# Shoulder Holster



## chiefnpd (Mar 18, 2010)

Delete please,
Thanks,


----------



## sig225 (Aug 30, 2010)

If I had to choose for that particular model, I'd go for an IWB or even OWB at 3'oclock. Don Hume has some excellent holster choices for the CW9 series.


----------



## chiefnpd (Mar 18, 2010)

*Chiefnpd*

Thank you sir.
I have both IWB and OWB. Just looking for a shoulder holster.


----------



## MitchellB (Aug 14, 2010)

I like shoulder holsters and think they are very comfortable especially for a heavy gun. However they are pretty poor choices for conceal carry unless under a suit or button/zipped up coat. I seldom wear mine unless it is cold weather and I'm going to be outside with a jacket or hunting.


----------



## Glenn-SC (Sep 6, 2009)

I use a 5.11 Tactical Holster Shirt.

It wears under a T-shirt and holds anything from my 1911 to a PPK.

But it is "hot"! Not a SC Summer carry option.


----------



## Steve M1911A1 (Feb 6, 2008)

Your "chiefnpd" seems to indicate a cop. If that's true, you might get better feedback from your associates in the department. They might have more experience with daily shoulder-rig use than anyone else here.

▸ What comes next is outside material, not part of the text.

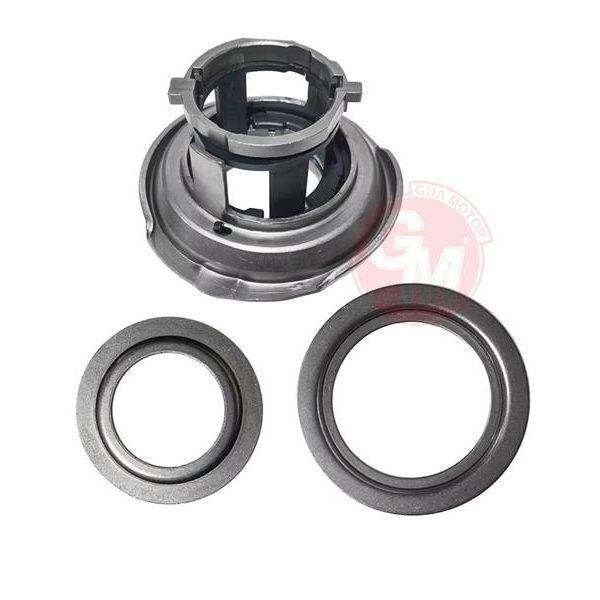 GUA DEBRIYAJ RULMANI OTOMATİK ŞANZIMAN DACIA DUSTER II 18> RENAULT CAPTUR II 20> 1.3 TCE H5H CLIO IV 12> CAPTUR I 13> 1.2TCE H5F (302053076R)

In my slight experience, a shoulder rig causes slow presentations, and it's difficult to conceal unless you have your jackets specially altered.
That said, I direct you to Galco. They sell extremely fine factory-made leather goods. Click on: Galco holsters; Holsters; Gun holster, pistol holsters, western holsters, shoulder holsters, leather holster and Glock holsters


----------



## chiefnpd (Mar 18, 2010)

*chiefnpd*

I was a police officer for 26yrs. I have moved across the country so no longer have personal contacts. I live in So Cal. and was having trouble locating a shoulder holster for the cw9 with ct. Thanks for all the comments.


----------